Rob Boag has been a big supporter of the campaign to recognise McTaggart in the city more than that which already exists.
In his latest contribution, he recalls McTaggart and several other great Dundee names and institutions.
“My recall of the time-frame isn’t positive but I think it was the early part of 1958,” he opened.
“My recall of the location is positive, however, as it was the Globe Bar, that still inhabits the West Port in Dundee.
“I stopped in to see if Wullie Bannon was in attendance and have a shandy with him.
“Sure enough, when I entered I saw Wullie regaling the locals with boxing stories.
“Wullie, sometimes known as Bill, trained at the Hawkhill Boxing Club, and relaxed at the Globe hostelry.
“Wullie was in great shape and great form that year with a string of knock-outs behind him.
“He was certain to be selected for Scotland’s international boxing team in the light-heavyweight division at the British Empire Games in Cardiff later that year,.
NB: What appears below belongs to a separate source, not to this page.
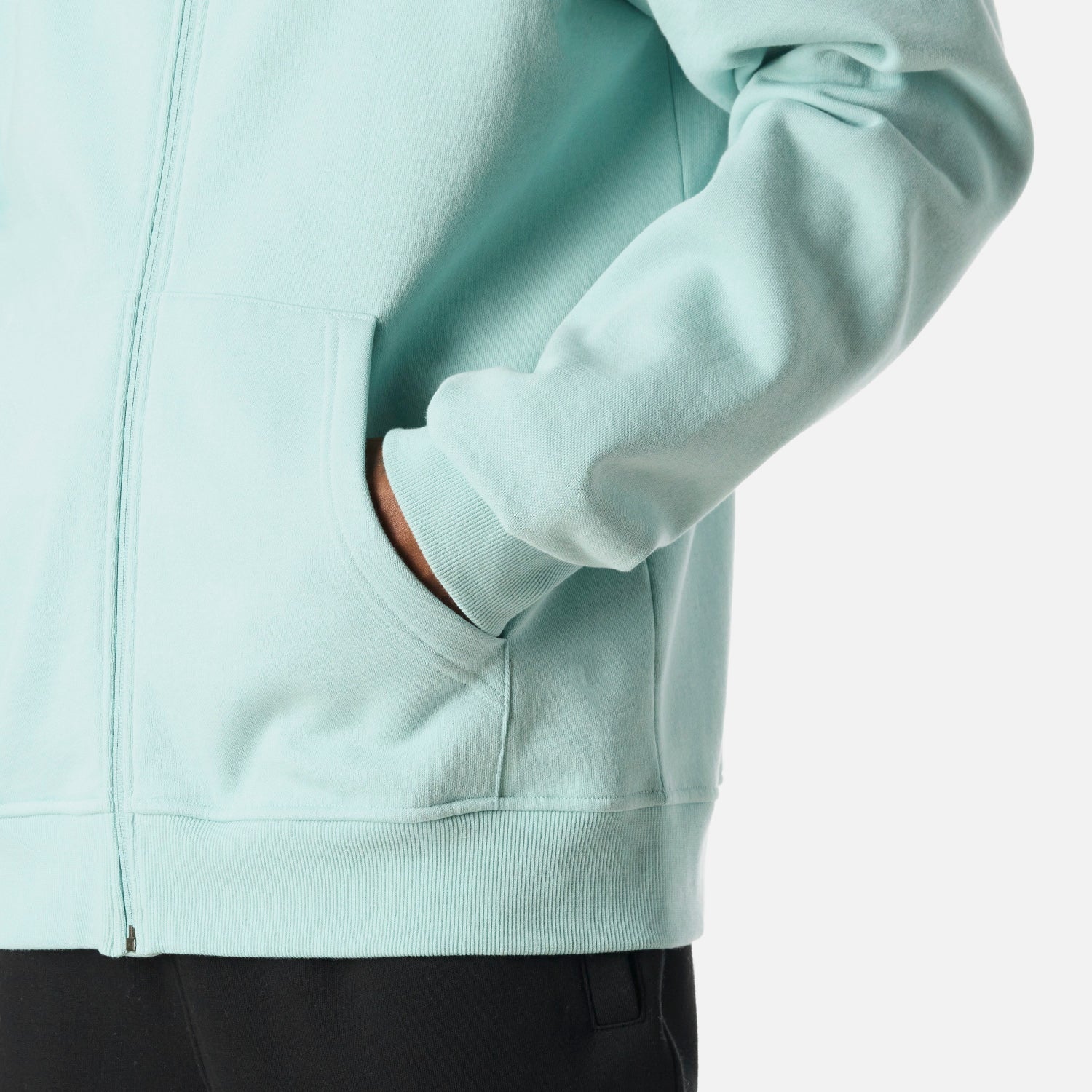 Polerón Hombre Cool Down Full Zip Sweatshirt Hoody Jade Vulcano - Image 6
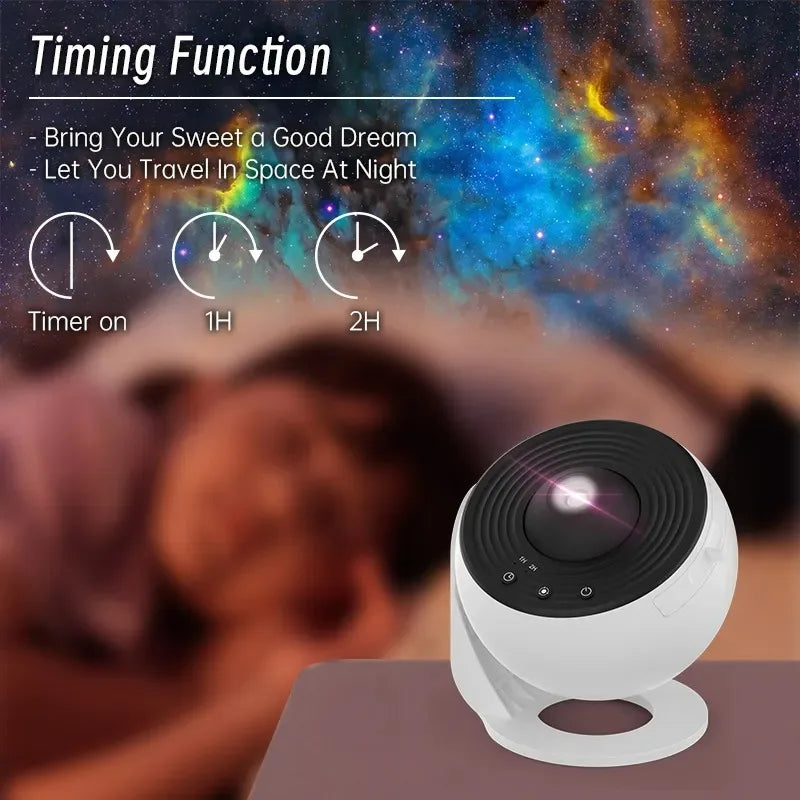 Galaxy Projector Night Light – Starry Sky 360° Rotating Planetarium Lamp for Kids Room | The Party Days | The Party Days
“Wullie knew he had what was needed to go all the way to the final.”
Rob, from Canada, continued: “I remember we talked about Dick McTaggart, and Wullie was hoping Scotland’s Amateur Boxing Association would select Dick for the first time to be included in the international team at the upcoming Empire Games.
“This would have two Dundee lads competing for their country (Scotland)at Cardiff.
“At this point in time, Dick McTaggart had never been chosen to box for Scotland.
“In 1956, Dick was part of Her Majesty’s Service — the RAF — stationed in Halton, England. ABA Scotland overlooked Dick that year as a potential team candidate for their boxing squad, and ABA England couldn’t believe their luck. They invited McTaggart to compete under the England banner — a legitimate request as Dick was stationed in England.
“And compete he did, winning the ABA lightweight title, an Olympic gold medal, and the prestigious Val Barker award — all of these magnificent trophies won in the year of 1956 while representing England.
“In 1958, Dick entered the Scottish Amateur Boxing Championships and won the lightweight title in Edinburgh.
“ABA Scotland selected him to represent his country at the Empire games and Dick rewarded Scotland with a gold medal.”
Rob further recalled: “Wullie Bannon won bronze at the Empire Games but it should have been better.
“In the semi-finals, Wullie’s opponent was a lad from Cardiff, the city where the games were held. For three rounds, the Cardiff lad literally ran away from Bannon, with Wullie pleading with the referee to demand the lad make an effort to compete.
“The Cardiff lad was announced the winner on points, and went on to the final, where he lost.
“Wullie later told me he was robbed. Wullie was surely robbed and so was the sport of boxing robbed, it demeaned itself of integrity and of the true definition of sportsmanship and fair play.
“It destroyed the dream of Wullie Bannon, who knew he had what was needed to reach the final.”